The tradeoffs among the above seem to depend at least partially on the vagaries of the VM, and in particular of the GC. It's not hard to imagine a VM implementation smart enough to recycle objects of a frequently used class under the hood. It still seems unlikely that it can be as efficient as explicitly freeing or assigning to the bignums under some circumstances.
My determinations so far are: * Using JNI for anything is a last resort. * The choice is really down to mutable bignums vs. BigInteger and BigDecimal.
If the bignums need to be mutable to get efficiently running code that doesn't bloat up the process to hundreds of megs and spend more time in GC than in my own code, then option 1 is out.
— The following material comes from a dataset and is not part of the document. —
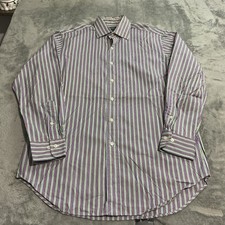Vtg 90s Polo Ralph Lauren Curham Colorful Striped Dress Shirt Mens 15 1/2 32-33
On the other hand, if getting decent multiplies at large bit sizes isn't going to happen with BigFoo, then option 1 is out and I may as well make the darn things mutable.
Since I'm not aware of any pre-existing code suitable for 4, and JNI is a last resort, it's basically down to 1 vs. 3.
What I'd like is: a) People to weigh in on bignums and garbage collection: * Would code that generates billions of intermediate values during calculations but keeps none of them for very long be seriously bogged down and the memory requirements bloated by using the immutable bignums? * Are the multiplies in the standard BigFoos inefficient when the values are hundreds or even thousands of bits long? b) In case either answer above is "yes" and I need to make my own: * How best to go about implementing the basic, non-FFT bignum? Use ints or longs? Tips on implementing multiplication (and subtraction!)? * What are sensible thresholds for switching implementations, in terms of bit lengths, to keep multiplies fast? * How best to implement a BigDecimal-alike given a BigInteger-alike?
Thank you.
John W. Kennedy - 16 Dec 2006 03:40 GMT > * I'm not sure the implementation is as fast as > possible. In particular, it doesn't seem to be > documented anywhere whether these classes switch to > Karatsuba multiplication and then to FFTs at > appropriate bit lengths or just stick with slow, O(n^2) > long multiplication throughout. For whatever it's worth, Ruby finds the first 14 perfect numbers a /lot/ faster than Java does. (Perl is a lot slower. GCLISP is fastest.)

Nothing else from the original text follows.